The chart above documents S&P 500 activity from September 18, 2014 to October 16, 2014. In roughly a month, the broad U.S. index moved from 2,011.36 to 1,862.76, a 7.4 percent decline. Intraday on the 16th, the index reached 1,835.02, an 8.8 percent decline, peak to trough.
The green and red lines are the 50 and 100 day moving averages, respectively. For traders these are key technical levels and when an index moves lower than the averages, that is a sell sign because momentum has changed.
There has been an increased use of technical indicators and program trading by advisors following the financial crisis. The idea of moving out of the market to miss more downside is appealing to individuals who remember how their accounts performed in 2008-2009. However, these indicators are not useful for people taking a long-term perspective and ‘home gamers’ or retail investors/average investors more often than not get these moves wrong.

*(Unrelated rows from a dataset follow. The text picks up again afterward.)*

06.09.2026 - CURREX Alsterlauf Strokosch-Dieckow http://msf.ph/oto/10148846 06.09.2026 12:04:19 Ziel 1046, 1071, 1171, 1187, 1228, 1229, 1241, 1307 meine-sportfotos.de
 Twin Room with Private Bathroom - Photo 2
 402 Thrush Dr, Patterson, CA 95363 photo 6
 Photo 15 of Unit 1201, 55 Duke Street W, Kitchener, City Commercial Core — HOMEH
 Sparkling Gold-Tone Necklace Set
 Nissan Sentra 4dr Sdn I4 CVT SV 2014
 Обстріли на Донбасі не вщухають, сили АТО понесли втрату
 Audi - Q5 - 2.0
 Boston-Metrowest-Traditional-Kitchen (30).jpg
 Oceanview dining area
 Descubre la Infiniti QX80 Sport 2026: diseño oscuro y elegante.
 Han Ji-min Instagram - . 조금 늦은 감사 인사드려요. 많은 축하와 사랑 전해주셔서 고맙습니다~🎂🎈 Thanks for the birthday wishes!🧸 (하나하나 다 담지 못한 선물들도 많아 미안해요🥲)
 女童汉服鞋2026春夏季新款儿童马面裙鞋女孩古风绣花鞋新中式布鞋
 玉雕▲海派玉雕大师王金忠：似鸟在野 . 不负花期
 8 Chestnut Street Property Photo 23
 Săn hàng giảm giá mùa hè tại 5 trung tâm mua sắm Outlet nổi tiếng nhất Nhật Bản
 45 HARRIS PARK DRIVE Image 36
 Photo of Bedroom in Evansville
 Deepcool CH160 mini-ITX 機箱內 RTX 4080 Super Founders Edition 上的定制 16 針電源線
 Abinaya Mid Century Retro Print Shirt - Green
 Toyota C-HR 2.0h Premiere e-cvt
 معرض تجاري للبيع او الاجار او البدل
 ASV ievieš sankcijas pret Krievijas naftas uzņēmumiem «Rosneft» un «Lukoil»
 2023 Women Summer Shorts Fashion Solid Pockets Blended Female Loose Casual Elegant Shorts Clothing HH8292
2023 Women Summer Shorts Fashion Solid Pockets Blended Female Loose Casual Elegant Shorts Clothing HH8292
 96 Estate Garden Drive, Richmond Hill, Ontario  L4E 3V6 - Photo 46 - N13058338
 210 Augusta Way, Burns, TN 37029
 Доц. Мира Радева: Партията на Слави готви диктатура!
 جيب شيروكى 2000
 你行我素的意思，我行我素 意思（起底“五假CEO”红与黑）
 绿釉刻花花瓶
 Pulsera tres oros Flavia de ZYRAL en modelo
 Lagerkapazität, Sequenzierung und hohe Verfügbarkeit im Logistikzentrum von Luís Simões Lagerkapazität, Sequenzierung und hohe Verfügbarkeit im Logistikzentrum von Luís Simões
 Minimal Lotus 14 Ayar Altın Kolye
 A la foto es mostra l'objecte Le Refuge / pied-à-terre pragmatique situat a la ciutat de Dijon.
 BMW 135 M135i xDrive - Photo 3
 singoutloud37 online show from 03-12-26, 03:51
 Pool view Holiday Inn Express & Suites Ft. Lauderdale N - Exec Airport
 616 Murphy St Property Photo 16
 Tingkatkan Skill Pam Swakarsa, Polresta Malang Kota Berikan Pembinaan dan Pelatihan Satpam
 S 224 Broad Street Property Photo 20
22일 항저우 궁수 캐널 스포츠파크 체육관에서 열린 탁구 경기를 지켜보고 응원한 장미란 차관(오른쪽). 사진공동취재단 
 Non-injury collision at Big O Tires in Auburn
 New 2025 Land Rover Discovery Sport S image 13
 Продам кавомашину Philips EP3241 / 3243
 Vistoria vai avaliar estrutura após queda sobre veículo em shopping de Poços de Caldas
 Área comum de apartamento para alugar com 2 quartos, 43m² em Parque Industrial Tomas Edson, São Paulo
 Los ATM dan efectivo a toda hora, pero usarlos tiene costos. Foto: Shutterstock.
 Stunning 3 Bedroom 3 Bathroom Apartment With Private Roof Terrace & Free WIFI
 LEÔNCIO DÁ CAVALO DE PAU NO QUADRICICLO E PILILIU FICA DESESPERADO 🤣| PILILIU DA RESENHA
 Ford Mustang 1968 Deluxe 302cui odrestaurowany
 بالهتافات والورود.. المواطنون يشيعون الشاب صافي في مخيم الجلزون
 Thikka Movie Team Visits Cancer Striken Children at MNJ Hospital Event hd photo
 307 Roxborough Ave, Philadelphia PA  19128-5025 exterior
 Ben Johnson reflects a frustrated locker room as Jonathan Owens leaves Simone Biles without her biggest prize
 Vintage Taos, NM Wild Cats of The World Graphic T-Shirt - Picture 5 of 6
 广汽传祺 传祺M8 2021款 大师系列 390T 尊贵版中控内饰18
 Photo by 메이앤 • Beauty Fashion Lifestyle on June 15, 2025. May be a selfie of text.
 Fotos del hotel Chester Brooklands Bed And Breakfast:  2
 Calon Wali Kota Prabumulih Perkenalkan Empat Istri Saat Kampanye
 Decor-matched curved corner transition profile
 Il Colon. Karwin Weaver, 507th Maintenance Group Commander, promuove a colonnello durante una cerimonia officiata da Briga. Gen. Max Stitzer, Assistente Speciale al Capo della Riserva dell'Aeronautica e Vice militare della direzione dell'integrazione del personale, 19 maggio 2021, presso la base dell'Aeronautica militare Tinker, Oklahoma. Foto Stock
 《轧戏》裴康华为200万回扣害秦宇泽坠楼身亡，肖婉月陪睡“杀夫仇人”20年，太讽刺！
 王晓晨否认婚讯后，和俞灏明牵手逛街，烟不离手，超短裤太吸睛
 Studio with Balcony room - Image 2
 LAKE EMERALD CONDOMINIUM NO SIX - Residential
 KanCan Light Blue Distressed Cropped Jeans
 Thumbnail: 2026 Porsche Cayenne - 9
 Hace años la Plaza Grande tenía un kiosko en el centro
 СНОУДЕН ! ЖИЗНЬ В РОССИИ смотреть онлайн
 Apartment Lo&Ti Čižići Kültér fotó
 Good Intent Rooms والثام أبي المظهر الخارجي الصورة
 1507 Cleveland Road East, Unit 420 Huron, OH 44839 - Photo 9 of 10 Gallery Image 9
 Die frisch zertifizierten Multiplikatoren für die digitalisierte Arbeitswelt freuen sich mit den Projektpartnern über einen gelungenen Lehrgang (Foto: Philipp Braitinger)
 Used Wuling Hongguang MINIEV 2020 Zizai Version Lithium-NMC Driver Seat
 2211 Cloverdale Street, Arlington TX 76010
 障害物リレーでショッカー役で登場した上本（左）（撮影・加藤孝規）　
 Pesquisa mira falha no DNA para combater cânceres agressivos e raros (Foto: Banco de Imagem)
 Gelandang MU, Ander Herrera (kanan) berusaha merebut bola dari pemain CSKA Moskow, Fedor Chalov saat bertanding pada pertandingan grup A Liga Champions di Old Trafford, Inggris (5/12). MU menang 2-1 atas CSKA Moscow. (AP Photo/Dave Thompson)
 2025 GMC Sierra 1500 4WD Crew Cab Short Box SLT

So, given that the market moved from 2,011.36 in September to 1,835.02 a few weeks ago, broke through key technical levels and that the Federal Reserve ended quantitative easing on Wednesday, where would one guess that the market is today? Well…
As of this morning, the S&P 500 not only gained back all the losses over the last few weeks, but set another all-time intraday high.
Below is a chart of average investor returns for a 20-year period that incorporates aggregate retail mutual fund sales, redemptions and exchanges to measure investor behavior. The chart is from a post by Business Insider and courtesy of Richard Bernstein.
Assuming you're not a day trader, what does this mean for you? Rebabalance your accounts, buy when markets are down, and be patient. When markets were down we had a chance to buy the S&P 500 index for our 401(k) clients and Disney $DIS for our managed portfolios.
When everyone else is panicking, keep calm and buy on!